Code will be read more than it is written

This might be obvious, but code will be read more than it is written.

Barring exceptional circumstances, you will certainly read the code you write at least once - when you first write it. Then a bug appear in testing, and you will have to read that code again to fix it. Then the product side request a change, and you will have to read that code yet again to change it. Then you switch team and now someone else is maintaining your code, so they have to read it whenever the need arise. Et cetera et cetera.

Of course, not all part of your code will get to be read over and over like this, only select ones will. Some is just already reliable enough with no requirement change ever happening to them. While the others are left collecting dust unused until they meet their inevitable end when the encompassing feature/product get shutdown. However, most of the time you cannot be sure which one is going to be which, so I reckon it's better to just make sure all your code is easy to read.

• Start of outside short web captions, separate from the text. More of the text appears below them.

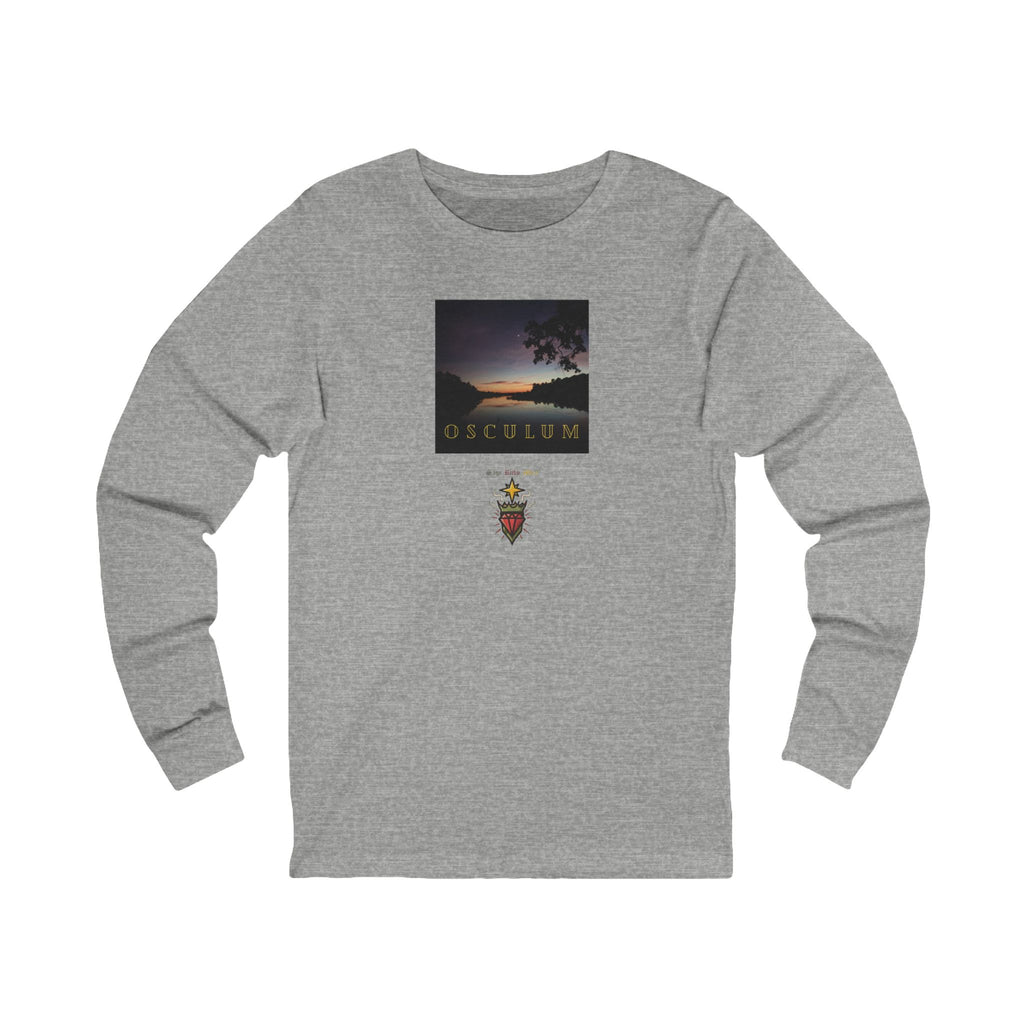 OSCULUM Latin "Kiss" Long Sleeve Tee
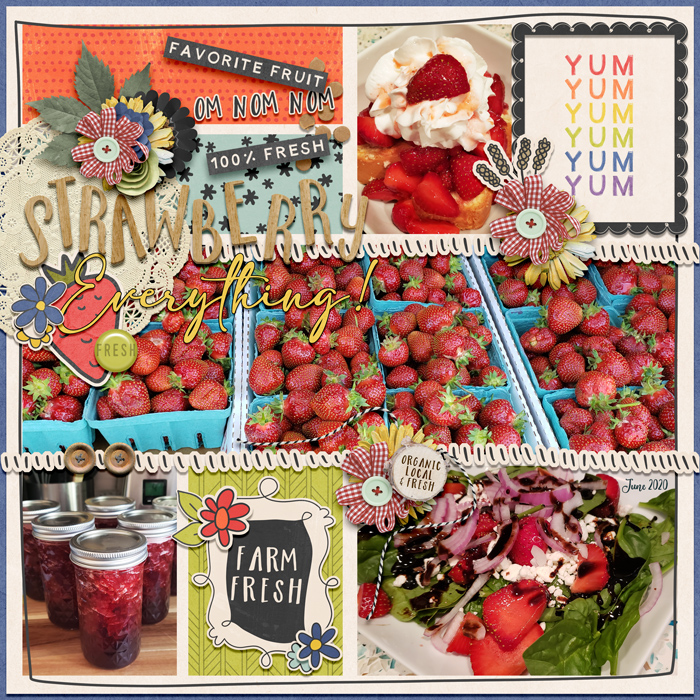 Strawberry Everything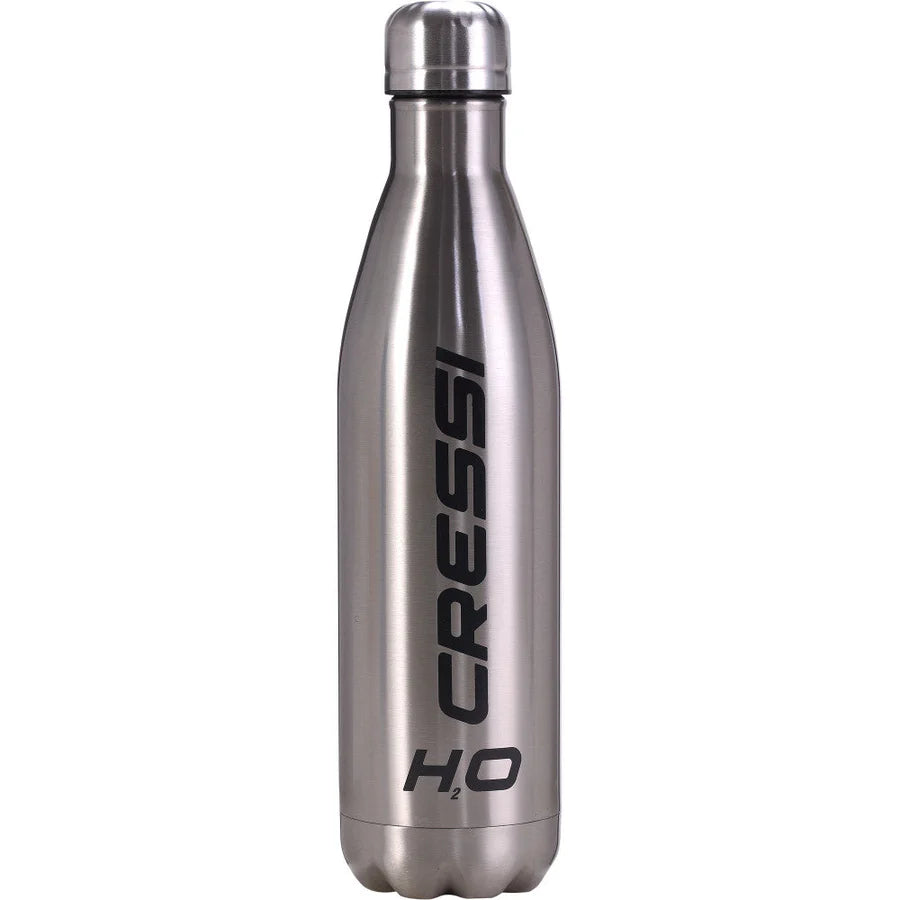 Cressi H2O Double Wall Water Bottle | Cressi Diving Gear Canada.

Having code that is easy to read is nice because:

  • When someone want to make a change, they may not have all the context that you have when you first write the code. Even you yourself may already forgot some of the context if enough time has passed. If the code is easy to read it will speed up the time needed to understand it as well as minimizing the chance of missing some crucial context.
  • It will minimize the chance of bugs appearing. It is harder to spot a bug when code itself is hard to read. Conversely, if the code is easy to read then it's also easier to spot a bug.
  • Most of the time, code that is easy to read is also easy to change. This is because to write code that is easy to read you will tend to naturally use the appropriate amount of abstractions and gravitate towards clearer and more concise logical flow for your code.
  • Some people (like me) get irrational pleasure when we see beautifully written code :)

And yet, there are engineers (even experienced ones!) who still don't have enough care for the readability of their code even when they have time for it and not being rushed by management/customer. To be honest, I don't understand what's going on in their head. Do they never read code written by other people/their past selves and think "Wow, this code is a mess. I wish they/my past self wrote this better." or something? If they really have no problem understanding even the most jumbled code then great for them for having an extraordinary cognitive ability I guess. But for the rest of us mere mortals, a code that is easy to read is certainly better for our work than the one that is hard to read.

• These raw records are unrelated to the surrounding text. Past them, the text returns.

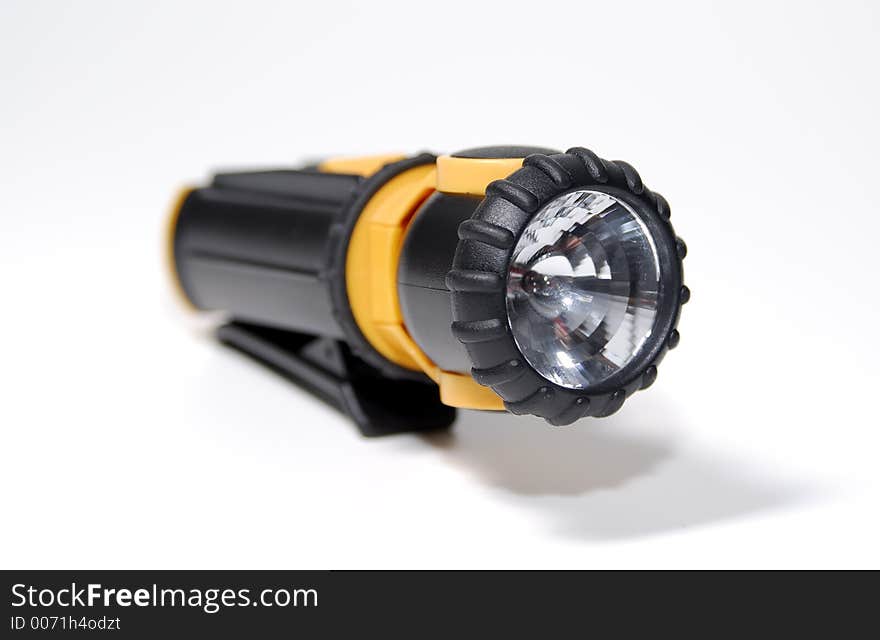 Photo of a Flashlight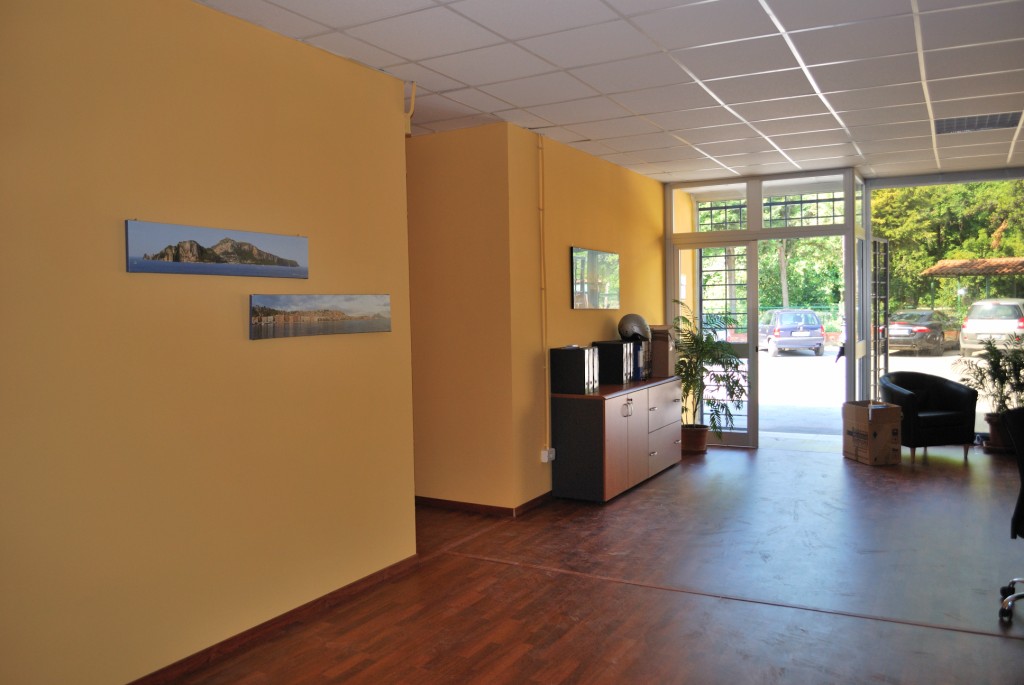 nuovo ufficio!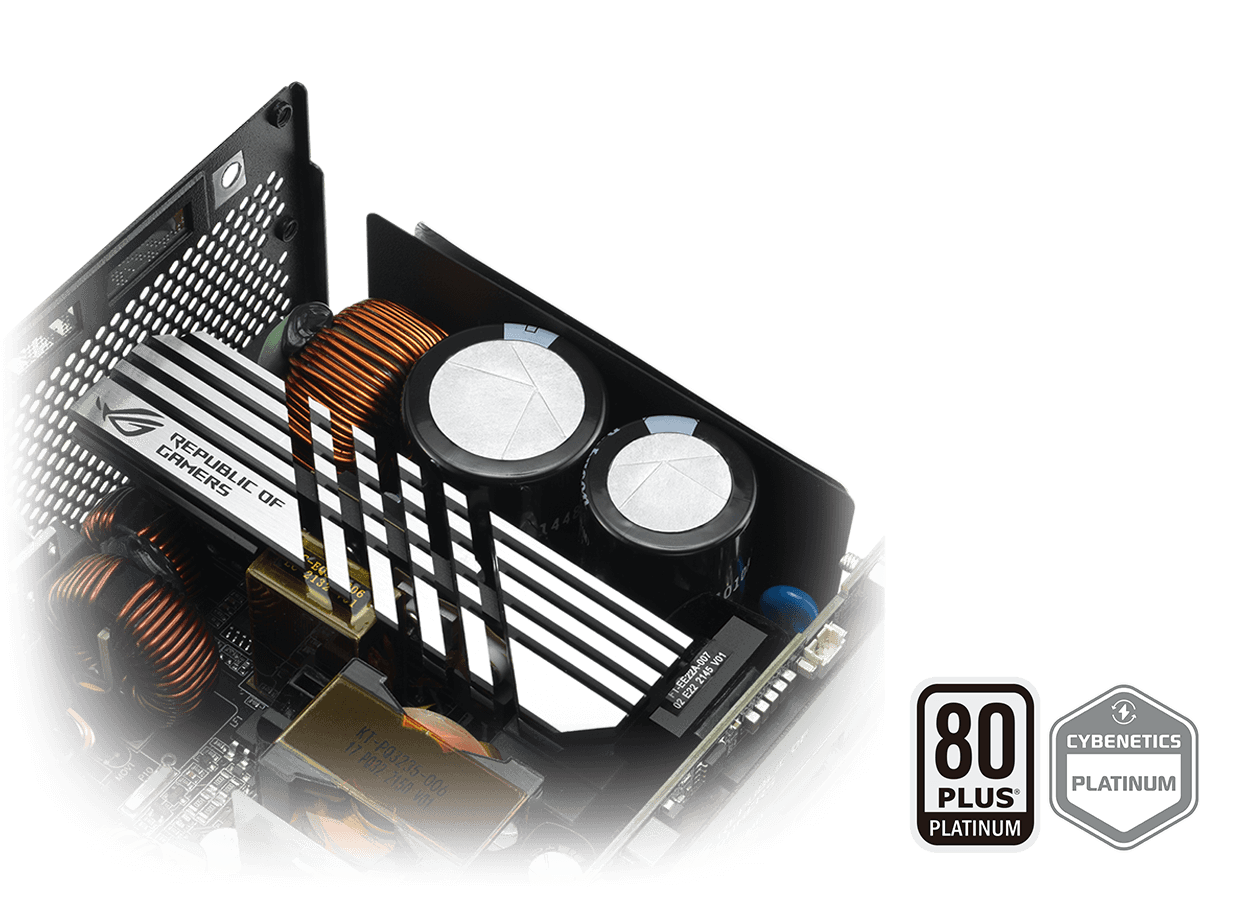 Блок питания 750W ASUS ROG LOKI Platinum (ROG-LOKI-750P-SFX-LGAMING)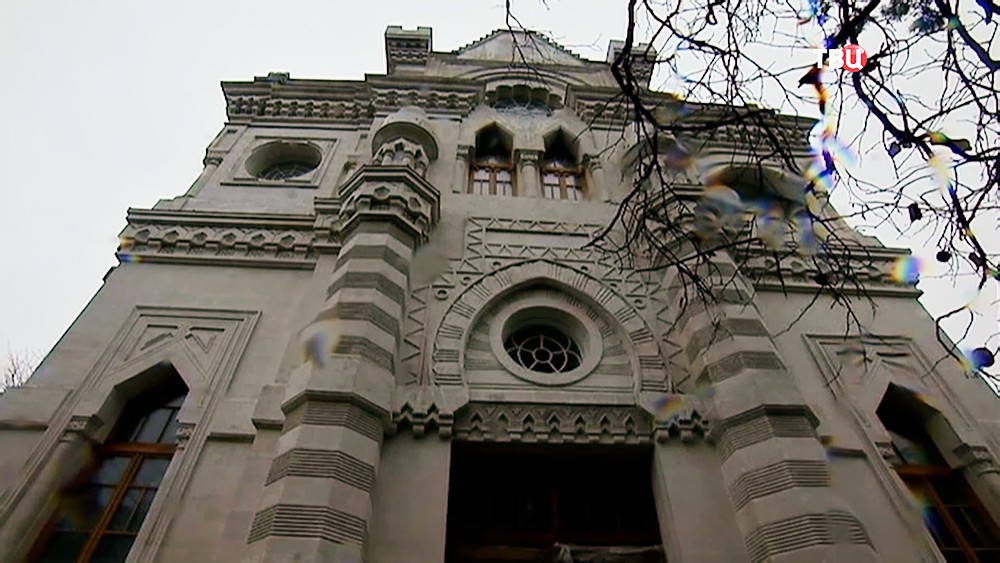 Молитвенный дом караимов в Крыму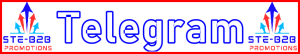 Ste-B2B Webmaster Telegram Secrets - Visitor Navigation Information Support Banner Image Red White Blue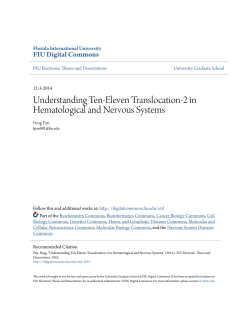 Understanding Ten-Eleven Translocation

That being the case, here are some tips from my experiences to make your code easier to read:

 

1. Use descriptive and consistent names

This has been repeated rather often, so I trust that we are all at least already graduated from using one letter as variable names (other than for loop index). However, there are some pitfalls that we have to be careful for.

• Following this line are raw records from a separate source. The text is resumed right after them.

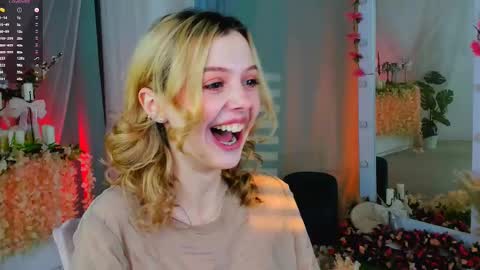 Snapshot of little_anitta chatting on February 23, 2025, 12:41 am Anita B-day stream on 7TH DEC online show from February 23, 2025, 12:41 am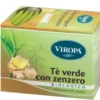 Viropa te verde&zenzero bio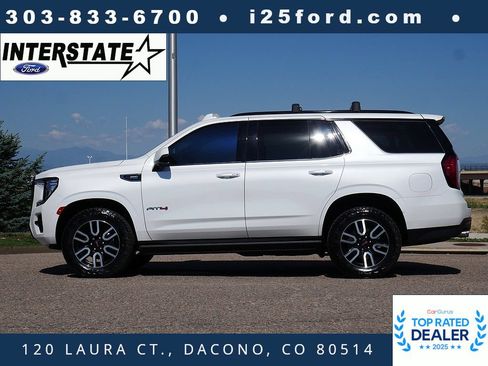 Used 2022 GMC Yukon AT4 AWD/4WD image 2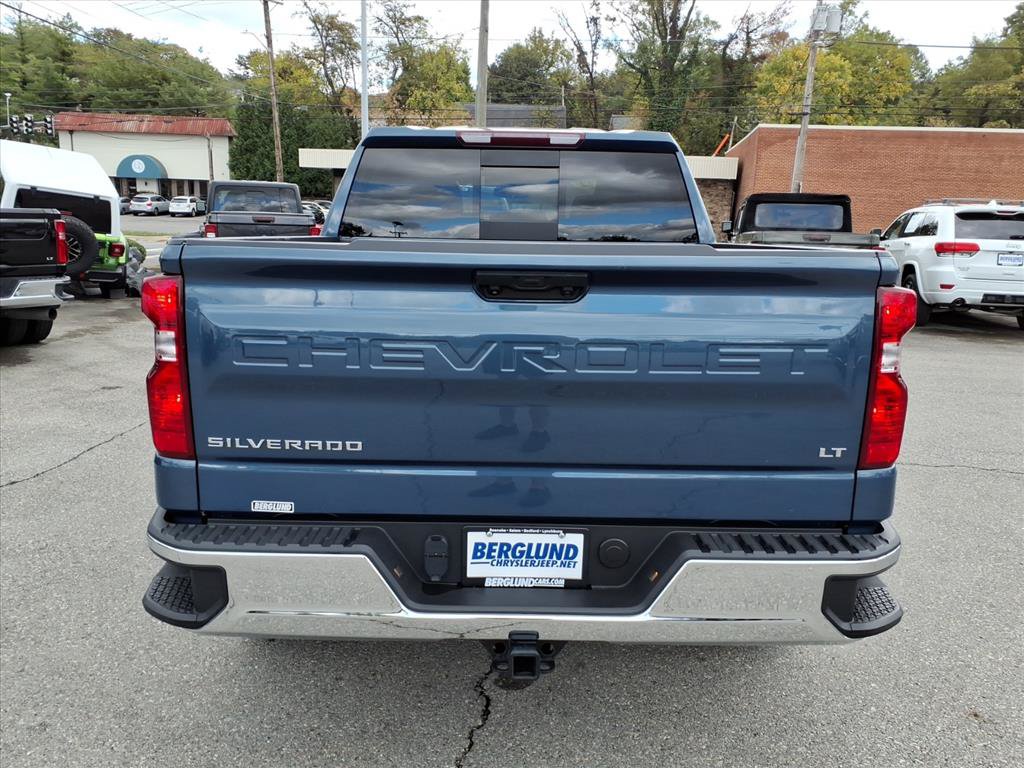 Used 2024 Chevrolet Silverado 1500 LT w/ All Star Edition Plus AWD/4WD image 5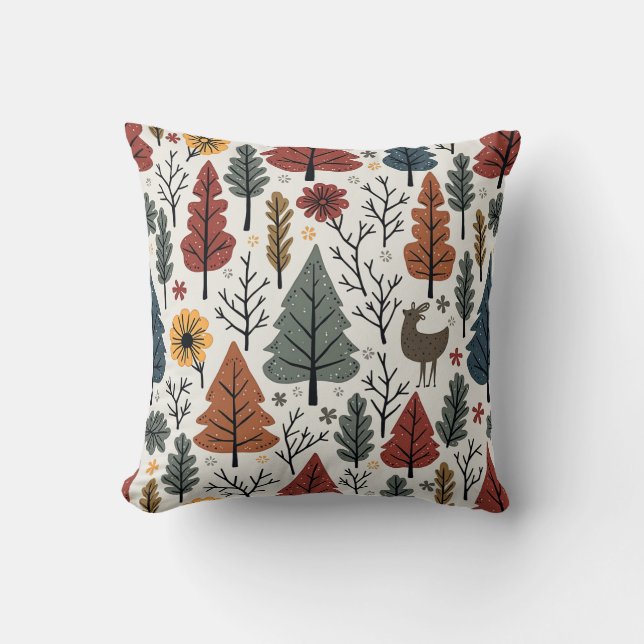 almofada de travesseiro de natal (Frente)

First is when a name is not descriptive enough. This is when the name we use for variable/function/class/etc is not reasonably representative of the actual thing. For example, I once get admonished in code review when I use getConfig(string $configName) as a function name even though what the function actually do is get the config from database if it exist or insert a new config with the default value if it doesn't exist. So the name of this function actually only cover half of the reasonably expected behavior. To fix this, either we change the name to be something like getOrInsert(string $configName) or change the function itself so that it really only do the 'get' portion while the 'insert' portion is moved to another function and called independently. I went with the latter.

The second pitfall is when the names we used are not consistent and therefore ambiguous. For example, using variable called $transaction that some of the time refer to a database transaction, while some of the other time refer to an actual class named Transaction. This means that the reader of the code cannot be instantly sure what this $transaction variable refer to when they encounter it, or even worse, misunderstand the type of the variable. The only way to fix this is to use a clearer name, in this case we can use $dbTransaction to refer to the database transaction, so it won't be mistaken with the one that refer to the Transaction class.

The third pitfall is when we are overzealous in trying to use a good name. For example, using a very long name like FizzBuzzOutputGenerationContextVisitorFactory in an attempt to be descriptive. This can end up confusing the reader instead of helping them to gain understanding. When you find an overly long name like this, usually it's a sign that the abstraction you are using can be improved or even refactored altogether. Either that, or the writer of the code is simply not good at naming and we can just rename it. Do note that not all very long name is bad, sometimes it can be a perfectly fine name for the situation at hand. Just don't forget to be wary.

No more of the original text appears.